= What is being asked =
Your output must consist of the records printed verbatim, with the pictures excluded.
(Data for the task Opens)
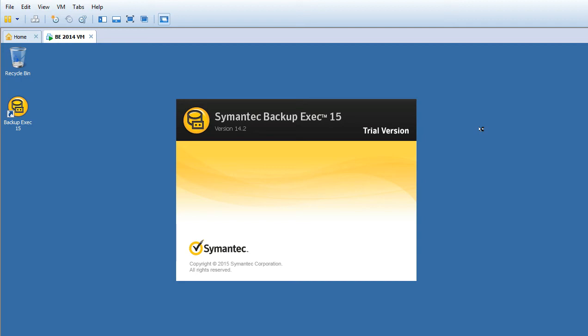Welcome to Symantec Backup Exec tutorial session. Today we'll be talking about the catalog folder, which is very important in Symantec Backup Exec.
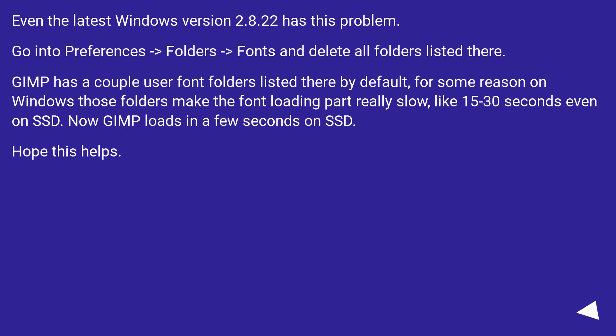Even the latest Windows version, 2.8.22, has this problem. Go into Preferences, then Folders, then Fonts, and delete all folders listed there.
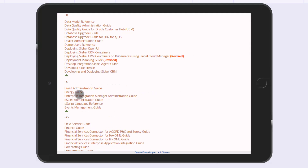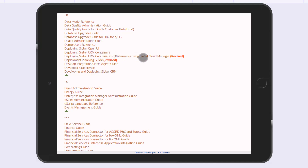Let's take a look at letter D, because what I'm recently involved in is deploying Siebel CRM. Most of us know how to install Siebel CRM: you download the installer, choose a machine, choose a platform, run the installer, configure it, and then you have Siebel running — and then you have to update it and so forth. But recently there has been a significant shift towards deployment with containers, containerizing Siebel CRM.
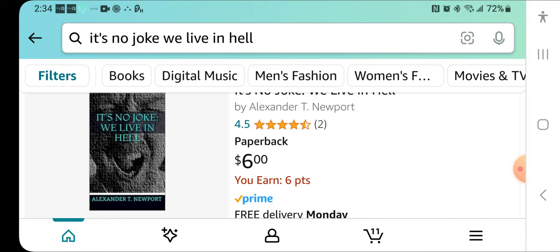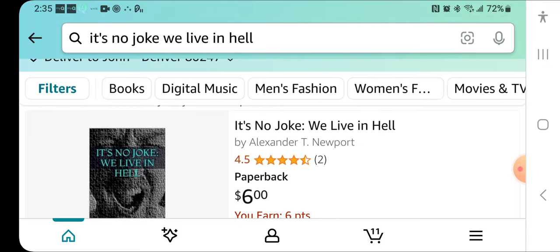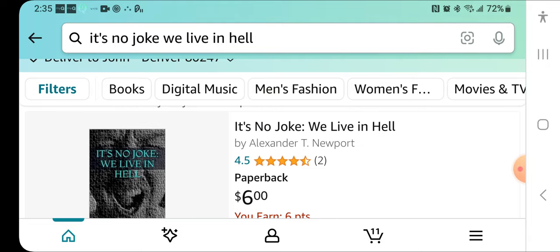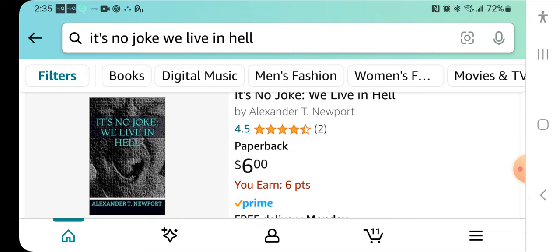We're in hell, folks. And I just wanted to show this book that's sold on Amazon by Alexander Newport. What do you know? I'm convinced. What about you guys?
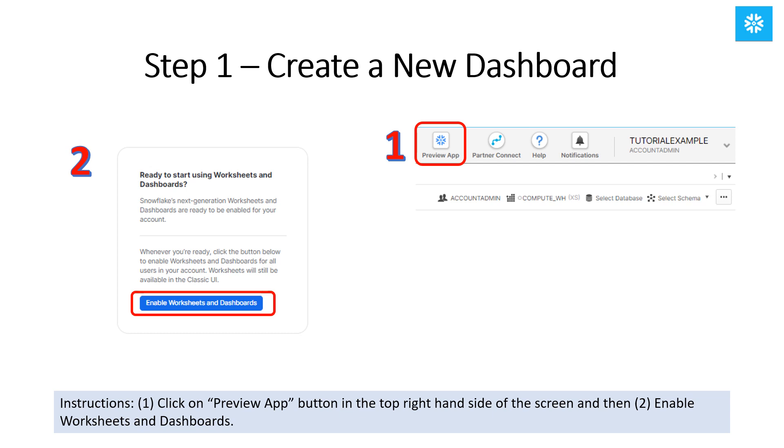To get started, you'll need to log into Snowflake and make sure you have changed your role to account admin. The first step is that you'll want to click on the Preview App button in the top right-hand corner. Then click on the Enable Worksheets and Dashboards button.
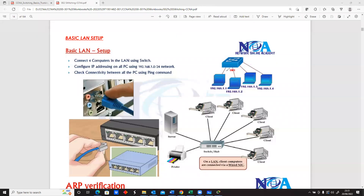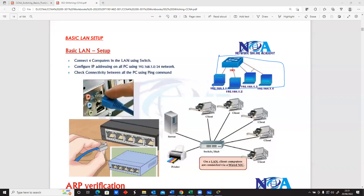We've seen cases where one switch can accommodate multiple networks. In this diagram, what you see is more of a logical topology representing the network. Technically, this is a switch, and the switch is the device used to build your local area network.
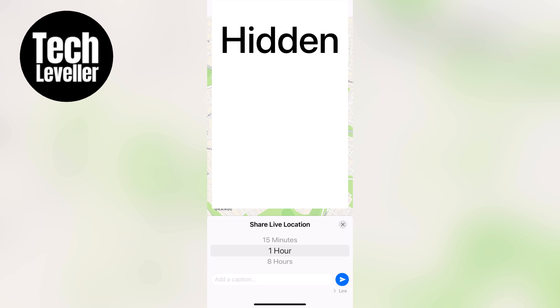And that's it. Sending your live location or your location on WhatsApp is super easy and now you know how to do both. I hope this video was helpful for you and if you have any questions feel free to leave them in the comments section below. Thanks for watching and I'll see you in the next one.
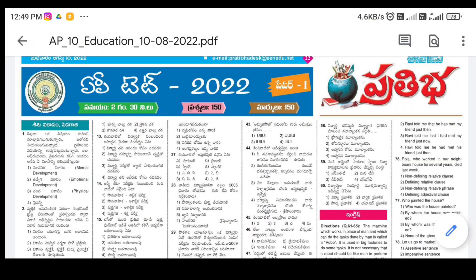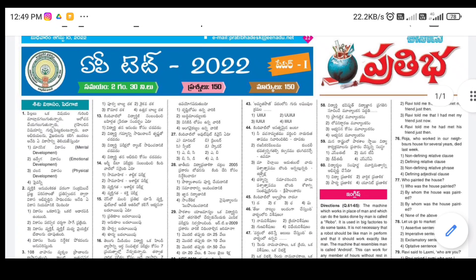Hello friends, I have a model paper in this paper. I am going to tell you how to download it.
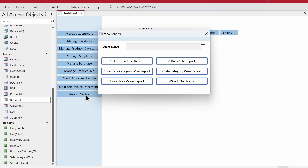I'd love to hear if you have built an inventory management system or some other system based on learning from these videos. In this video I'm going to demonstrate how to wrap up this application — how to lock everything, hide everything, and have a nice clean-looking environment by hiding all the navigation bars and navigation pane.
(Data for the task Closes)
= Answer box =
Welcome to Symantec Backup Exec tutorial session. Today we'll be talking about the catalog folder, which is very important in Symantec Backup Exec.
Even the latest Windows version, 2.8.22, has this problem. Go into Preferences, then Folders, then Fonts, and delete all folders listed there.
Let's take a look at letter D, because what I'm recently involved in is deploying Siebel CRM. Most of us know how to install Siebel CRM: you download the installer, choose a machine, choose a platform, run the installer, configure it, and then you have Siebel running — and then you have to update it and so forth. But recently there has been a significant shift towards deployment with containers, containerizing Siebel CRM.
We're in hell, folks. And I just wanted to show this book that's sold on Amazon by Alexander Newport. What do you know? I'm convinced. What about you guys?
To get started, you'll need to log into Snowflake and make sure you have changed your role to account admin. The first step is that you'll want to click on the Preview App button in the top right-hand corner. Then click on the Enable Worksheets and Dashboards button.
We've seen cases where one switch can accommodate multiple networks. In this diagram, what you see is more of a logical topology representing the network. Technically, this is a switch, and the switch is the device used to build your local area network.
And that's it. Sending your live location or your location on WhatsApp is super easy and now you know how to do both. I hope this video was helpful for you and if you have any questions feel free to leave them in the comments section below. Thanks for watching and I'll see you in the next one.
Hello friends, I have a model paper in this paper. I am going to tell you how to download it.
I'd love to hear if you have built an inventory management system or some other system based on learning from these videos. In this video I'm going to demonstrate how to wrap up this application — how to lock everything, hide everything, and have a nice clean-looking environment by hiding all the navigation bars and navigation pane.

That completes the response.